2009年に日本軍慰安婦被害者らと韓国・日本協定文書公開訴訟を提起したイ・ヤンス氏が当時の裁判関連文書を説明している。[写真=対日抗争期強制動員被害調査および国外強制動員犠牲者等支援委員会] |
国務総理室傘下の対日抗争期強制動員被害調査および国外強制動員犠牲者等支援委員会(以下、委員会)が昨年2月、日本軍慰安婦被害口述記録集『聞こえますか?12人の少女の話』を発刊した。口述集製作過程に調査官として参加したイ氏はこの本を日本語に翻訳して日本で出版すると決意した。

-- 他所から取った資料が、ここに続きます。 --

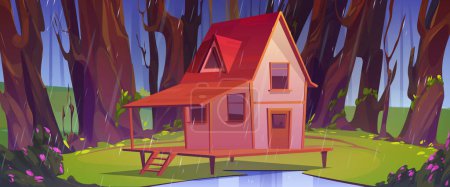 Illustration for Wooden stilt house at summer forest in rainy weather. Old shack on piles with terrace on green wood field under rain shower and trees around. Uninhabited forester hut, Cartoon vector illustration - Royalty Free Image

「慰安婦被害者のおばあさん12人の肉声が込められた本ではないですか。韓国政府が作った最初の口述記録集でもありますし。」
イ氏は「慰安婦被害者のリアルな体験談を知らせて日本社会に真の反省を引き出したい」と委員会側に翻訳の意向を伝えた。日本の市民団体である「戦後補償ネットワーク」の有光健代表(63)と内海愛子早稲田大学客員教授(73)が積極的に翻訳に出た。
翻訳作業は容易ではなかった。韓国語と日本語のニュアンスの差や歴史的地名など混乱が生じるたびに韓国委員会所属職員とEメールをやりとりして意見を交換した。解釈が分かれる部分は結論が出るまで討論して夜を明かしたりもした。有光代表は「記録集にあるおばあさんの話を読むことさえ苦しくて大変な時が多かった」と話した。

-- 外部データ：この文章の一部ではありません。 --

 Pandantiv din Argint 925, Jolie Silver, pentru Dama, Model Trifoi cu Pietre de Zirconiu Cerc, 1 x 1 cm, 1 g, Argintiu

3人は今年5月26日、合計416ページに対する翻訳作業を終えた。委員会側が翻訳監修と校閲・印刷など後半作業を担当することにした。日本の国会や大学図書館、市民団体などに本を配布するという計画も立てた。だが、予想していなかった難関にぶつかった。後半作業に必要な600万ウォン(約59万円)の予算が不足して委員会側が進行を保留したためだ。一時的な組織の委員会は安定した予算確保が難しい状況だ。
口述記録集に出てくる12人のおばあさんのうち4人が亡くなった。2007年1月に亡くなったカン・ドアおばあさんは「私の話が後世に役に立ったら良いと思う」という言葉を生前に残した。イ氏は「安倍政権の影響で慰安婦おばあさんを『売春婦』と卑下する日本人が日本国内で増えている。『聞こえますか?12人の少女の話』が早く日本で出版され、日本人に歴史の真実を知らせられたらと思う」と話した。